- Platform information:
- Hardware: Raspberry Pi 4
- OS: Newest OpenHabian, default installation
- openHAB version: 3.3

I’m trying to write a rule that will forecast solar radiation on an arbitrary day of the year. Eventually, the goal is to use this to control the charging behavior of a battery/PV system when combined with weather forecasting data.

Unfortunately, I seem to have written a rule that can’t be compiled? With the rule in place, OpenHab just gets completely stuck during startup and never moves past `[el.core.internal.ModelRepositoryImpl] - Loading model 'SMART_SolCasting.rules'`

. It doesn’t even say there was a compiliation error or anything, it simply sits there.

Checking `top`

reveals that even minutes after starting, the java process consumes ~130% of CPU.

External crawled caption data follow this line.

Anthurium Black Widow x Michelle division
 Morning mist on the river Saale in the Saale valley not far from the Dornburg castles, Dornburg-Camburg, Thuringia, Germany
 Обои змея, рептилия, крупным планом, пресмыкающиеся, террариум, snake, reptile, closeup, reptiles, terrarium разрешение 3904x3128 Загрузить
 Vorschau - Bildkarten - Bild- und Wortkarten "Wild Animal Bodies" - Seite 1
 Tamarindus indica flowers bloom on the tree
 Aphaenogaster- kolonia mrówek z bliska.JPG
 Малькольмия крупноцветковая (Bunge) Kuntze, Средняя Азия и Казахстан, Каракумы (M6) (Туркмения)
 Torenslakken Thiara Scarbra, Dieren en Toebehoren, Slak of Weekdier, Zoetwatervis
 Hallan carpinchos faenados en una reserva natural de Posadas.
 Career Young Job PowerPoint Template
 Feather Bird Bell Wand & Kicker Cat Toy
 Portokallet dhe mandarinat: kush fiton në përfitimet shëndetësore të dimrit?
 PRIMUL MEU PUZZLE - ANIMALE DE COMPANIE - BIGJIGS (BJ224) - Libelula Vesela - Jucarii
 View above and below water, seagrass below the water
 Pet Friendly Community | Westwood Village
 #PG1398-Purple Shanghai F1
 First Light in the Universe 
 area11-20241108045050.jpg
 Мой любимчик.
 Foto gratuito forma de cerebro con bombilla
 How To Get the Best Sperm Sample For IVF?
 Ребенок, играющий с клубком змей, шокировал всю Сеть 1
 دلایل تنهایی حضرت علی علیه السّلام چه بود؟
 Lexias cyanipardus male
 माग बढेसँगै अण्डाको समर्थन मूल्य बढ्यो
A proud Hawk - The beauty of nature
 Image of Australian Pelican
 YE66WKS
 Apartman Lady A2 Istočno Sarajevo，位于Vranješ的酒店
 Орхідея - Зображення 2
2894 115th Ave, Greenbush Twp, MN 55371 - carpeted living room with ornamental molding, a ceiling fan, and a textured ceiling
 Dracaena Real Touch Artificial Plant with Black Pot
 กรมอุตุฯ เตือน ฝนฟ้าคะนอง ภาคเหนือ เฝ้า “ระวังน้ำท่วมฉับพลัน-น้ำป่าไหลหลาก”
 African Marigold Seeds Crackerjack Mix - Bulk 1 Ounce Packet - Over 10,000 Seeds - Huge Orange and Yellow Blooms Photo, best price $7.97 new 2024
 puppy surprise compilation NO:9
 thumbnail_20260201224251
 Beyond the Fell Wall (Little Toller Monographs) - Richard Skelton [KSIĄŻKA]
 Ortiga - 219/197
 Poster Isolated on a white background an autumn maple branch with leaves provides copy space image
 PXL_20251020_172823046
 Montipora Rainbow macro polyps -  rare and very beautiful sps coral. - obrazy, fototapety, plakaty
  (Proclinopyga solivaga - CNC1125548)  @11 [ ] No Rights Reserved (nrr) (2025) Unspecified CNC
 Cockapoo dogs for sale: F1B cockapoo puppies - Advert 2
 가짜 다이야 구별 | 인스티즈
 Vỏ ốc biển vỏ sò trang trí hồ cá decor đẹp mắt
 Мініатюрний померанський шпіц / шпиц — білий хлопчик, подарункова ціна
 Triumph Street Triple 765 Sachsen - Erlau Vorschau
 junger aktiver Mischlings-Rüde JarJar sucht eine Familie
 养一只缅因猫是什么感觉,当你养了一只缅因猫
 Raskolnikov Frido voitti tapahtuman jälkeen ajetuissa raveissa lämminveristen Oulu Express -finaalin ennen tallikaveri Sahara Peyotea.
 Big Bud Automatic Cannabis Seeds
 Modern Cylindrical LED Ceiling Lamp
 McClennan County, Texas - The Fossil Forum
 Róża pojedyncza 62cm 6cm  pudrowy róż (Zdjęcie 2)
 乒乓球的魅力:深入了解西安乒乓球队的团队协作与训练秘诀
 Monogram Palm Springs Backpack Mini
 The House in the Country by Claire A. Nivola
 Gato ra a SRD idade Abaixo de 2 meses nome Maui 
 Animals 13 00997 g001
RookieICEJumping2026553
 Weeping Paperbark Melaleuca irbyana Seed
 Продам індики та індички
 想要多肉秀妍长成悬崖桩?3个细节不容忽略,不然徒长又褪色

So, my question: Did I do something “illegal”? Did I goof the syntax somewhere or is there too much trigonometry for java to handle? It’s very frustrating to test what exactly is causing the issue, because whatever it is, it doesn’t get cleared away by a `systemctl restart openhab`

but rather requires a full reboot before the rules engine starts working again.

Here my code:

```
import java.util.List
import java.util.ArrayList
//Forecasting of solar stuff
rule "rule name"
when
Item triggerDebug received command ON
then
logInfo("SolCasting", "Beginning Calculation...")
//Get the current Decimal Local time
//var v_LT = now.getHour + now.getMinute * 0.01666666
//Get the current day of the year
var v_D = now.getDayOfYear
//var v_D = 365
val Lat = 50.0
val Lon = 9
val unused = 0
var pi180 = 0.0174532925
//Do Timezone nonsense
val v_dUTC = Integer.parseInt( now.getOffset.toString.substring(1,3) )
val v_LTSM = 15.0 * v_dUTC
//Calculate EoT for the day
var v_B = ( (360.0 / 365.0) * (v_D - 81) ) * pi180
var v_EoT = 9.87 * Math::sin( 2 * v_B ) - 7.53 * Math::cos( v_B ) - 1.5 * Math::sin( v_B )
//Find Time correction (in minutes)
val v_TC = 4 * (Lon - v_LTSM) + v_EoT
//Calculate High noon
val v_LST_noon = 12 - v_TC / 60
//Calculate the day's Declination
val v_decl = ( 23.45 * pi180 * Math::sin( v_B ) ) * 57.2958
//Calculate the Solar Zenith/Elevation Angles
var List<Float> v_elevation = newArrayList(0,1,2,3,4,5,6,7,8,9,10,11,12,13,14,15,16,17,18,19,20,21,22,23)
for(var c = 0; c < 24; c = c + 1){
v_elevation.add(c, Math::asin( Math::sin( v_decl * pi180) * Math::sin( Lat * pi180 ) + Math::cos( v_decl * pi180) * Math::sin( Lat * pi180 ) * Math::cos( pi180 * (15 * ((c + v_TC / 60) - 12)) ) ) )
}
for(var c = 0; c < 24; c = c + 1){
logInfo("SolCasting", "Hour " + c + " Solar Elevation " + v_elevation.get(c))
}
logInfo("SolCasting", "Current day " + v_D )
logInfo("SolCasting", "Current v_B " + v_B )
logInfo("SolCasting", "Current EoT " + v_EoT )
logInfo("SolCasting", "Todays time correction: " + v_TC)
logInfo("SolCasting", "High Noon Today: " + v_LST_noon)
logInfo("SolCasting", "Today's Solar Declination: " + v_decl)
end
```

Also, more generally, is there a better way to do this (forecast solar stuff)? The Astro binding delivers current radiation values, but afaik can’t predict future ones which is inconvenient.